Korbit Research Center, under Korbit, the nation's first virtual asset exchange, announced on February 2 that it published a report titled "The Rise of Stablecoin-Focused Layer 1 (L1) Blockchains" on January 30, analyzing L1 blockchains specialized for stablecoins, which are emerging as next-generation payment infrastructure.
In the report, Korbit Research Center analyzed that "as the global regulatory environment becomes increasingly clear, conditions have been created for stablecoins to be incorporated into financial infrastructure. However, existing public blockchains have revealed limitations in privacy, transaction finality, and gas fee structures."
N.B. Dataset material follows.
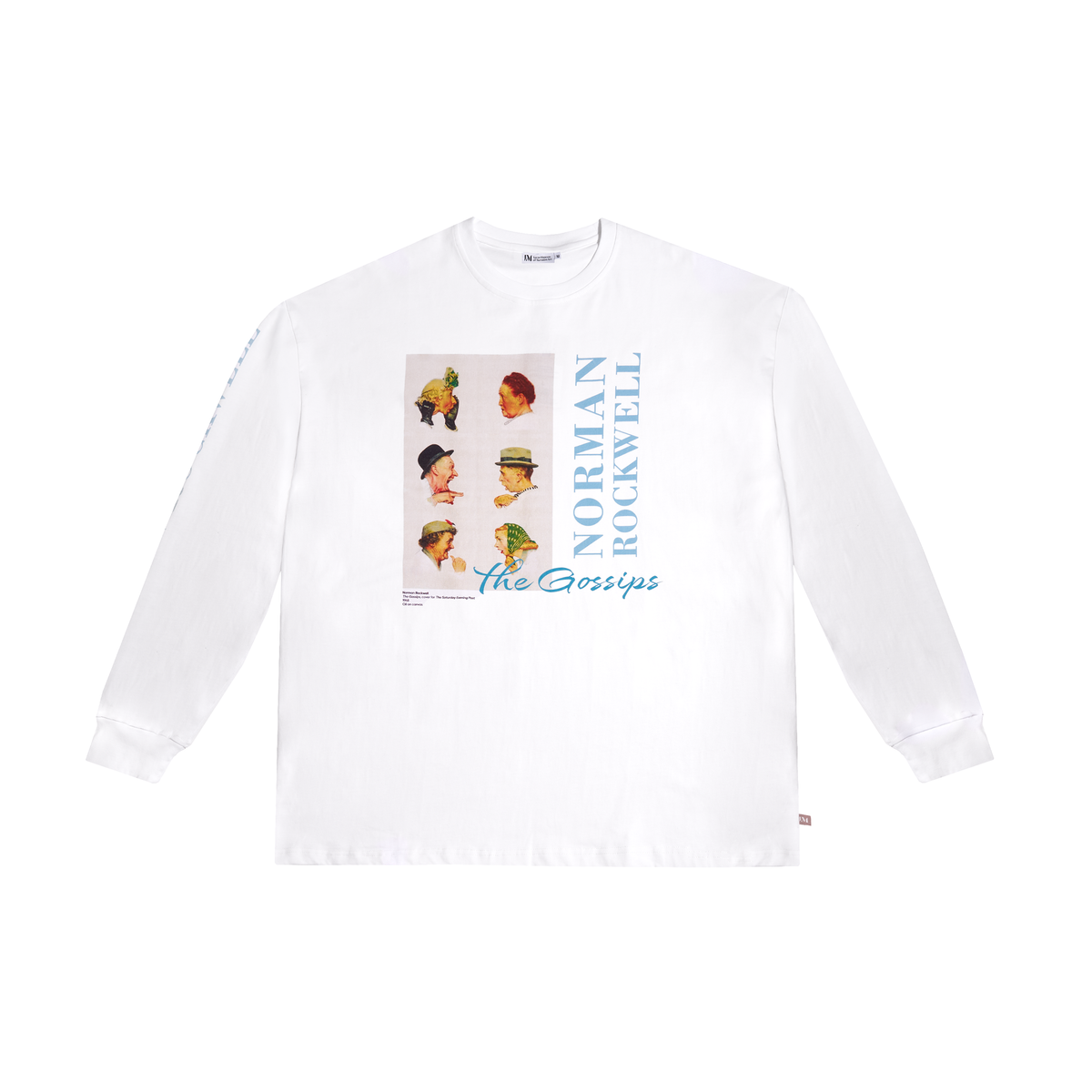 A white long-sleeve t-shirt with a graphic print on the front featuring six vintage-style portraits of Norman Rockwell with the text 'NORMAN ROCKWELL' and 'The Great Gatsby' in blue and black.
The report pointed out that the current Ethereum- and Tron-based stablecoin structures face structural issues such as institutional privacy violations due to full disclosure of transaction information, slow transaction finality unsuitable for real-time payments, and user inconvenience from having to pay gas fees with separate volatile assets. As a result, about 94% of stablecoin circulation is used only within on-chain finance, with just 6% being used for payments in the real economy.
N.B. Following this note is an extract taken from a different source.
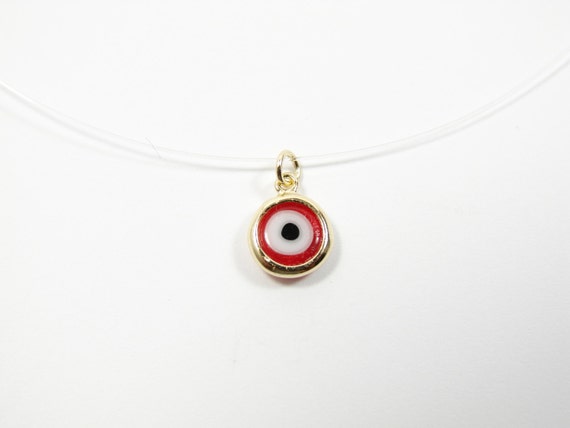 Evil Eye Pendant Floating Illusion Necklace, Red, Blue Evil Eye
Accordingly, the report analyzed that recently launched stablecoin-focused L1s such as Arc, Tempo, Plasma, Canton, and Maroo are evolving into more suitable infrastructure for institutional and corporate finance by adopting fast finality, selective privacy and regulatory compliance, and stablecoin-centered fee structures.
Korbit Research Center specifically identified the "infrastructure gap" as a strategic challenge for the Korean market. It warned that if Korea does not proactively address selective privacy, regulatory compliance, fast payment finality, and gas fee convenience in the process of introducing a Korean won stablecoin, the domestic on-chain financial infrastructure could become dependent on dollar-denominated stablecoin-focused L1s.
Minseung Kim, Head of Korbit Research Center, said, "Before stablecoin-based L1s become the global standard for financial infrastructure, Korean won stablecoins and the domestic financial system need to respond proactively to these changes." He added, "If Korean won stablecoins also become dependent on U.S. stablecoin-focused L1s, this could become an issue not only of market dominance by certain companies or products but also of financial sovereignty."